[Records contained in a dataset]
--- START ---

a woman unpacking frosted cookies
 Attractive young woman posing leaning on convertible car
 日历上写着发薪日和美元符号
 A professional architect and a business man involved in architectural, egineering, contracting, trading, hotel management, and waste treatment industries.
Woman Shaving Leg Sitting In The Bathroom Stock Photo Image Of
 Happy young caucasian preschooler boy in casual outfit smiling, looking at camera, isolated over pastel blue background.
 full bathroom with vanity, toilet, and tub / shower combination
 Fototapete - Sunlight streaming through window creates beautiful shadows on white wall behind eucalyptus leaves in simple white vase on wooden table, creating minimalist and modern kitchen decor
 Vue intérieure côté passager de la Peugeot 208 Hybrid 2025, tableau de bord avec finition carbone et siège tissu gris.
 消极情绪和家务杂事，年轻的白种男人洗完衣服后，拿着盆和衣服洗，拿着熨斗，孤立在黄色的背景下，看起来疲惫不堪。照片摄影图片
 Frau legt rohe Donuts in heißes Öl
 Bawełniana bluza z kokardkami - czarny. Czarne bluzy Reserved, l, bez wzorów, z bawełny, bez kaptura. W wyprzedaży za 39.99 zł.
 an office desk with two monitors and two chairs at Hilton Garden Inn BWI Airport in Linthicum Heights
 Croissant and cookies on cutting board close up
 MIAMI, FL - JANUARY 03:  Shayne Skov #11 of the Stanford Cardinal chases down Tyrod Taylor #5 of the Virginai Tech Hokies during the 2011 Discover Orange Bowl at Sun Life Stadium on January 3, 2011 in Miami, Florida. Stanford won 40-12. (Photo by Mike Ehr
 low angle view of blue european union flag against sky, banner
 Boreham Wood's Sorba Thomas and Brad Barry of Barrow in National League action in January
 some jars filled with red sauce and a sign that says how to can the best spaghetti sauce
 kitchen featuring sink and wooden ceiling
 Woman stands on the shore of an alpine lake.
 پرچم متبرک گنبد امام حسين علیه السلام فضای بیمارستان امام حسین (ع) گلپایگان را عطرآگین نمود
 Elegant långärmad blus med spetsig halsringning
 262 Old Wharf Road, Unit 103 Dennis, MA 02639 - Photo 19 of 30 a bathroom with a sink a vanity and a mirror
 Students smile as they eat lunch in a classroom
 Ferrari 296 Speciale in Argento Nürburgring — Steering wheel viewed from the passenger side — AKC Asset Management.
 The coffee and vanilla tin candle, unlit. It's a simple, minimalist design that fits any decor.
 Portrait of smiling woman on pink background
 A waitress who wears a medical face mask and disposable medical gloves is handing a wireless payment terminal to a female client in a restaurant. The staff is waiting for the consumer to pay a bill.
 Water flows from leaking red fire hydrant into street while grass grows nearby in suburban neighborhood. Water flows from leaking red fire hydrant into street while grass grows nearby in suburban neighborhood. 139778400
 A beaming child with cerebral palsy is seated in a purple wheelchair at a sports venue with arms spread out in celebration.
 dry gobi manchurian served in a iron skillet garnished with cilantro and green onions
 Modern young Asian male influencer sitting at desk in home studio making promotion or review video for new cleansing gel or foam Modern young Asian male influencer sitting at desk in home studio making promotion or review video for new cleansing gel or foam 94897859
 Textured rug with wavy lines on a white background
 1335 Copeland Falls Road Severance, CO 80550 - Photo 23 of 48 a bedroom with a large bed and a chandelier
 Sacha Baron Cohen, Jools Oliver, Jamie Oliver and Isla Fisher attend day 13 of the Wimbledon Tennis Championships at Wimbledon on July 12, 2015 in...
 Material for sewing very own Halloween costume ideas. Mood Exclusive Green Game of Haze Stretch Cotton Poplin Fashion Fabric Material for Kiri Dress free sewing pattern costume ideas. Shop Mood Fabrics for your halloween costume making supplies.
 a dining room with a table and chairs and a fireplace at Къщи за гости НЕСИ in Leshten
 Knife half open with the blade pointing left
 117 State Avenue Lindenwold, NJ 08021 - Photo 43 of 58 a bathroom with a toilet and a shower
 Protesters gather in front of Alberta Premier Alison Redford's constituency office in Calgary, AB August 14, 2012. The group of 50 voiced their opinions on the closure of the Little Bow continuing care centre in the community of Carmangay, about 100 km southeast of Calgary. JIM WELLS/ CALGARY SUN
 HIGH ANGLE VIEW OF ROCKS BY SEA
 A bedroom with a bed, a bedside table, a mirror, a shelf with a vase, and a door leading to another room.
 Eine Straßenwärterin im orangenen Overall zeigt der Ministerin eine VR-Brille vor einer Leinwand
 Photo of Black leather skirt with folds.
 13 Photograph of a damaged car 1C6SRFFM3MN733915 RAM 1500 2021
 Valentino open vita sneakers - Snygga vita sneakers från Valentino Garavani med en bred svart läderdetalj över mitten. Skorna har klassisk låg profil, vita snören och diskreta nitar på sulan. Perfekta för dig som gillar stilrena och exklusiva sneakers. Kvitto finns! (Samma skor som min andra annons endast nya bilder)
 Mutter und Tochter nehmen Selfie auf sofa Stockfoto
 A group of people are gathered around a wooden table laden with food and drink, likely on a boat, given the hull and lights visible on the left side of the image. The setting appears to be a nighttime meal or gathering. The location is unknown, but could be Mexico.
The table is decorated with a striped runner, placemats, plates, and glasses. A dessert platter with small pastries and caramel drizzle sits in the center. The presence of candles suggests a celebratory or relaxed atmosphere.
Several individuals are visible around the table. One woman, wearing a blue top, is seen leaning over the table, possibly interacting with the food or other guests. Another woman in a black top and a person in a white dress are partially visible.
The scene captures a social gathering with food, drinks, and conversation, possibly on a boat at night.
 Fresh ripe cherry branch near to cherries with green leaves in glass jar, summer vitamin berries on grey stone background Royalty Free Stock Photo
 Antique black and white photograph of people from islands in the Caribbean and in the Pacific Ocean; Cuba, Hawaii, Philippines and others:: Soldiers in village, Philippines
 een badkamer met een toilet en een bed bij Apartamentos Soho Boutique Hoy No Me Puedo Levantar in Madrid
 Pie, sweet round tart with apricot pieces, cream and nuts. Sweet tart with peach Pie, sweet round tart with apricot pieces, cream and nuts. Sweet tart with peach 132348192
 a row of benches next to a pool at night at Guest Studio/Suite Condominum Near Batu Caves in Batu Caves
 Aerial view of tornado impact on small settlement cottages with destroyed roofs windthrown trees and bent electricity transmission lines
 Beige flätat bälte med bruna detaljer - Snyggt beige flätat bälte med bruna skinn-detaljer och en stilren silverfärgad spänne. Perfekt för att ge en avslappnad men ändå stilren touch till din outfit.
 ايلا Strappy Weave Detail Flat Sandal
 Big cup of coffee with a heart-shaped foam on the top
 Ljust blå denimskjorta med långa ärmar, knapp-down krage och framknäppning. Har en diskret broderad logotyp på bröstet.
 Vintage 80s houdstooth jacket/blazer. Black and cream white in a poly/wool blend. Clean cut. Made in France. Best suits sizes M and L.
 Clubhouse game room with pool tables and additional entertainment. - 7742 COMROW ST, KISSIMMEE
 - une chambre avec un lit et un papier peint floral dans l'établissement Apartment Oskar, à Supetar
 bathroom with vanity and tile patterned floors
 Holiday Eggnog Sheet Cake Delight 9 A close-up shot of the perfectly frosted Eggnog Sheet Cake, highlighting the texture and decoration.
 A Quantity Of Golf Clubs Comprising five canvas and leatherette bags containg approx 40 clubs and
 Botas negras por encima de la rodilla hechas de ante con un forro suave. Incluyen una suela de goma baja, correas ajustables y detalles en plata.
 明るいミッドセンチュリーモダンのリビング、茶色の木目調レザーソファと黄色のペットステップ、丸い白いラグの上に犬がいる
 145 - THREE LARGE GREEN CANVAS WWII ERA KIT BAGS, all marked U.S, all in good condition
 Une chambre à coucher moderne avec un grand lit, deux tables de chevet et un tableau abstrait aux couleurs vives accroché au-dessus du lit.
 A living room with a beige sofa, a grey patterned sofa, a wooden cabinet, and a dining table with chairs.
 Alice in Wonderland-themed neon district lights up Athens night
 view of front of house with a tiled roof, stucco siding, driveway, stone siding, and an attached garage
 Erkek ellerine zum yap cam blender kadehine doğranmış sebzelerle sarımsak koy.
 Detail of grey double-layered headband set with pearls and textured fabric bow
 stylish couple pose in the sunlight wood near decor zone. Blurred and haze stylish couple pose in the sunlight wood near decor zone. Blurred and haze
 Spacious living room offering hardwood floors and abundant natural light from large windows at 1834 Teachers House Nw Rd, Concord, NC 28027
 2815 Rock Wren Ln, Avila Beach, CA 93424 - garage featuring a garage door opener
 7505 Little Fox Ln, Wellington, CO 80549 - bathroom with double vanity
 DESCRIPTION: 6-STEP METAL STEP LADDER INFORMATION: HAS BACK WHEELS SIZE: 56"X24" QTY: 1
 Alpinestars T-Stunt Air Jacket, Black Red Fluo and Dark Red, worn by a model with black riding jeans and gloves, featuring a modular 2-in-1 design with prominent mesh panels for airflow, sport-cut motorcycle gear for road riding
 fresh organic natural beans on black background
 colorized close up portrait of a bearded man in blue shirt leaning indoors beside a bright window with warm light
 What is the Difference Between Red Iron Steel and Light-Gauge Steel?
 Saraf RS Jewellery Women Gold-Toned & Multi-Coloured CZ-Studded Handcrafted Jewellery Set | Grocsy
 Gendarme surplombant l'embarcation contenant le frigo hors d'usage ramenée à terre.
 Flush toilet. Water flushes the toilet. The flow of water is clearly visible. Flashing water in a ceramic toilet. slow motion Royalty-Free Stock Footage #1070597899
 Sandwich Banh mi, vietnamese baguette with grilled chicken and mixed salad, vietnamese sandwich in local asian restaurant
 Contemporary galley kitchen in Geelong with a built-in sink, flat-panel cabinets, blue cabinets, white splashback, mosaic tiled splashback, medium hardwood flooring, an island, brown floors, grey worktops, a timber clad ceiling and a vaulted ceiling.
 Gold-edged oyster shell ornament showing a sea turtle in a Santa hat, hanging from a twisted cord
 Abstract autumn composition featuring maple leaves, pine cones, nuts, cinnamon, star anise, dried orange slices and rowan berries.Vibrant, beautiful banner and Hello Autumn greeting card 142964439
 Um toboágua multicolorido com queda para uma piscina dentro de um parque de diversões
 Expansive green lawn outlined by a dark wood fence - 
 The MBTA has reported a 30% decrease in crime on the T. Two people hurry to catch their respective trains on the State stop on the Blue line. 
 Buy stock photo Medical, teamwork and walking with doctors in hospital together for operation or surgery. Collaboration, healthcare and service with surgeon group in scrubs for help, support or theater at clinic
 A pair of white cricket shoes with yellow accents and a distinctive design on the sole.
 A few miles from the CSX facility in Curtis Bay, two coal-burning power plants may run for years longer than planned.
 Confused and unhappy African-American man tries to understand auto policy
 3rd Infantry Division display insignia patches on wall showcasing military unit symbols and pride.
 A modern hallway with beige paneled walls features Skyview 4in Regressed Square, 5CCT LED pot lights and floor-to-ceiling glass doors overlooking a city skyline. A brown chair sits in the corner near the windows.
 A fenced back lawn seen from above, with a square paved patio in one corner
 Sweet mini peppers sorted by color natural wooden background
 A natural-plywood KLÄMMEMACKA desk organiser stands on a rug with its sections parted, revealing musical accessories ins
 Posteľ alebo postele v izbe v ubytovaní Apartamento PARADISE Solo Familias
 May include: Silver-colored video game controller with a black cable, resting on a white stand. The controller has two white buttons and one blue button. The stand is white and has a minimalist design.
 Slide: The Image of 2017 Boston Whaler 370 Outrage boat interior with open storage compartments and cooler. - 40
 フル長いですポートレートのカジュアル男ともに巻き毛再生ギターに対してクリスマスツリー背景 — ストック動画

--- END ---

(WHAT YOU HAVE TO DO)
Starting at the first line of the records, print each line exactly, stopping after the line that contains "full bathroom with".

(RESPONSE BOX)
a woman unpacking frosted cookies
 Attractive young woman posing leaning on convertible car
 日历上写着发薪日和美元符号
 A professional architect and a business man involved in architectural, egineering, contracting, trading, hotel management, and waste treatment industries.
Woman Shaving Leg Sitting In The Bathroom Stock Photo Image Of
 Happy young caucasian preschooler boy in casual outfit smiling, looking at camera, isolated over pastel blue background.
 full bathroom with vanity, toilet, and tub / shower combination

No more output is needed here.